Judge William Orrick summed up a basic truth of eDiscovery: In the age of electronically-stored information (“ESI”), production of all relevant, not privileged and reasonably accessible documents in a company’s custody and control is easier said than done. Banas v. Volcano Corp., 2013 U.S. Dist. LEXIS 144139, at *5 (N.D. Cal. Oct. 4, 2013).
This methodology involved selecting subsets of employees likely to have relevant information, those who sent or received information, those who could have been involved in the case and those “most likely” to have relevant information. Banas at *4.
The Court stated this approach could have been reasonable, but two problems emerged: 1) The methodology was never discussed or agreed to with the Plaintiff; and 2) Multiple deponents did not have their email searched prior to their depositions. Banas at *4-5.
The Plaintiff also had a hard drive that contained ESI that was not produced by the Defendant. Id.
The Court ordered the supplement search and production of ESI from the deponents whose ESI had not been searched. Banas at *6.
The Court stated that the Defendant’s search methodology was not unreasonable or designed to conceal information. Banas at *7. However, as the production was conducted on a rolling basis, the Plaintiff could not have been immediately aware of any production gaps. Banas at *6.
As such, supplemental discovery was reasonable.
The Court also highlighted the Northern District of California’s model order requiring parties to meet and confer over the search of ESI prior to responding to a discovery request. This is one of the first opinions to reference the model order. Following the model order is highly advisable for anyone in the Northern District of California. It also has very good best practices for any attorney to consider in a case with electronically stored information.
Bow Tie Thoughts
Identifying relevant custodians and their electronically stored information requires using technology and strategy. Many can feel like it is trying to find a teardrop in the ocean.

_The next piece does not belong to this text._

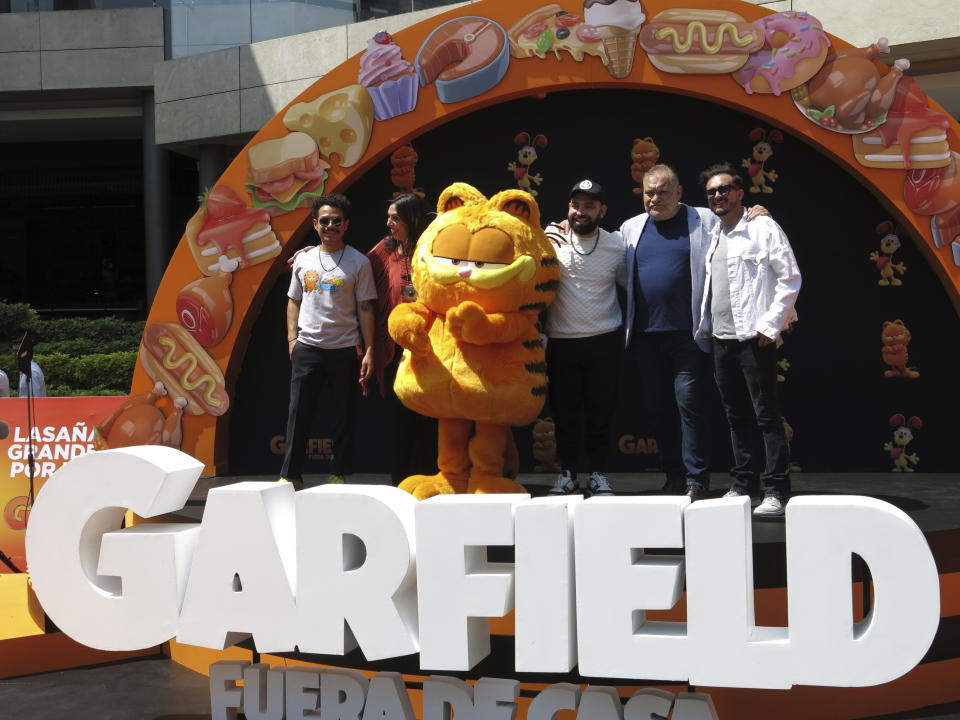 Los actores que prestan sus voces a la nueva película de Garfield, de izq. a der.: Guillermo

Analyzing communication patterns, clustering email based on domain names or conducting searches based on date ranges and subject matter are just a handful of ways to identifying ESI that could support a parties claims or defenses. Running searches based on discovery requests is another.
I recently had a product demonstration of Kroll Ontrack’s eDiscovery.com Review. Below you can see the features of this product can help search for responsive ESI.

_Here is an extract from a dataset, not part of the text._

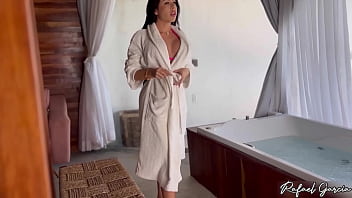 Puta gostosa fode com cliente dentro da banheira de hidromassagem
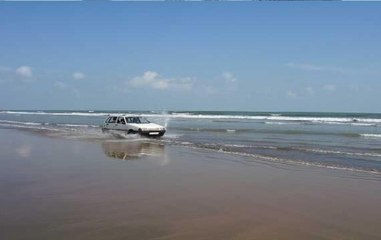 Watch: Car gets stuck in sand at Mumbai’s Navapur beach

Banas v. Volcano Corp., also has a very important message about the meet and confer process. Parties really should discuss what information is subject to the lawsuit, relevant custodians and search methodologies. While I do not agree with the idea of discussing what tools parties should use, because it can cause unnecessary fighting, agreeing on how ESI will be identified certainly does not hurt between educated attorneys.